The penultimate track is Snowflakes Of Love (Brent Fischer Instrumental), a filler borrowed from the lead singl. Whilst this might seem a bit cheap, it does at least let you hear the beautiful orchestral arrangement for this original song, and the occasional breathy Toni backing vocals, which are likely to send goosebumps down your spine as the strings soar.

The album closes on Christmas In Jamaica (Remix) featuring Shaggy. The remix is by Poke & Tone, who sadly don’t get named in the title. Whilst the original track is catchy, this track is too, but leans further away from a Christmas style. Instead, there’s an almost robotic effect applied to some of Shaggy’s vocals – the contrast of which to Toni’s voice, was one of the original appeals. Instead, he’s buzzy, and the appeal of that is lost.

Toni Braxton’s lead single ‘Snowflakes Of Love’ (2001).

Verdict

Over all, this album is a bit of a jumble.

The Christmas classic tracks are perfect for this album, and Toni’s vocals, as you would no doubt expect when you look at this album, are rich, warm, strong, and a delight to hear. The choices work well, and she is well matched against the Christmas styled songs, and the soaring orchestral tracks.

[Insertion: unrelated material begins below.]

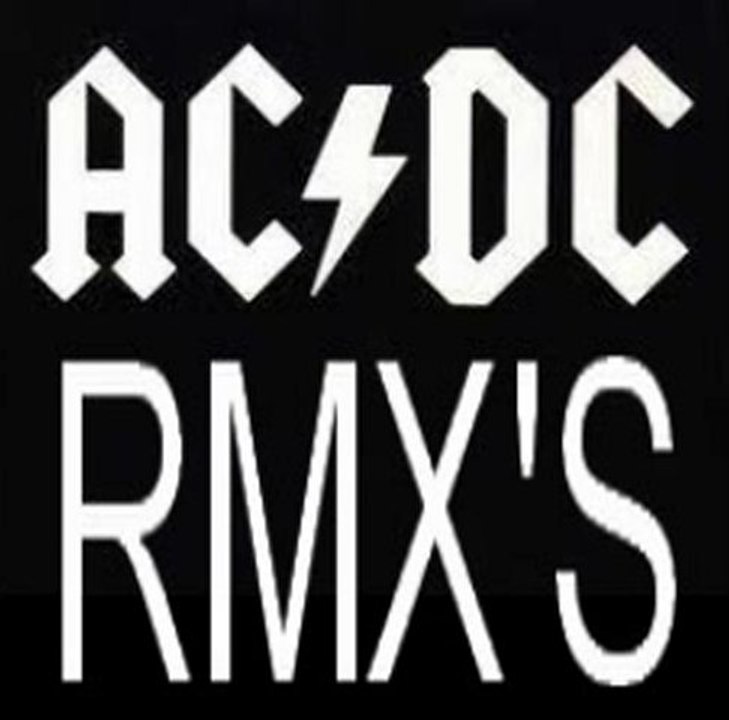 AC/DC SHORT MIX SET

What doesn’t work so well, is the seemingly accidental Christmas songs – the worst offender here being This Time Next Year, which has Babyface’s fingerprints all over it. Whilst I appreciate that it is credited as a co-write with him and Toni, it feels like it was a stock song with 2-3 lyrics replaced to make it applicable to the album. It could easily just be another track on another RnB album.

The attempts to fuse vintage sounding Christmas songs (whether you like that schmaltz or not), and smooth and sexy RnB doesn’t quite work as comfortably as you’d hope, leaving those classic songs, and Snowflakes Of Love to carry the weight.

Rated 3 stars! It's a nice album.
  • POP RESCUE 2021 RATING: 3 / 5
  • 2001 UK ALBUM CHART PEAK: Did not chart in the UK.
  • POP RESCUE COST: £2.49 from a Discogs.com seller.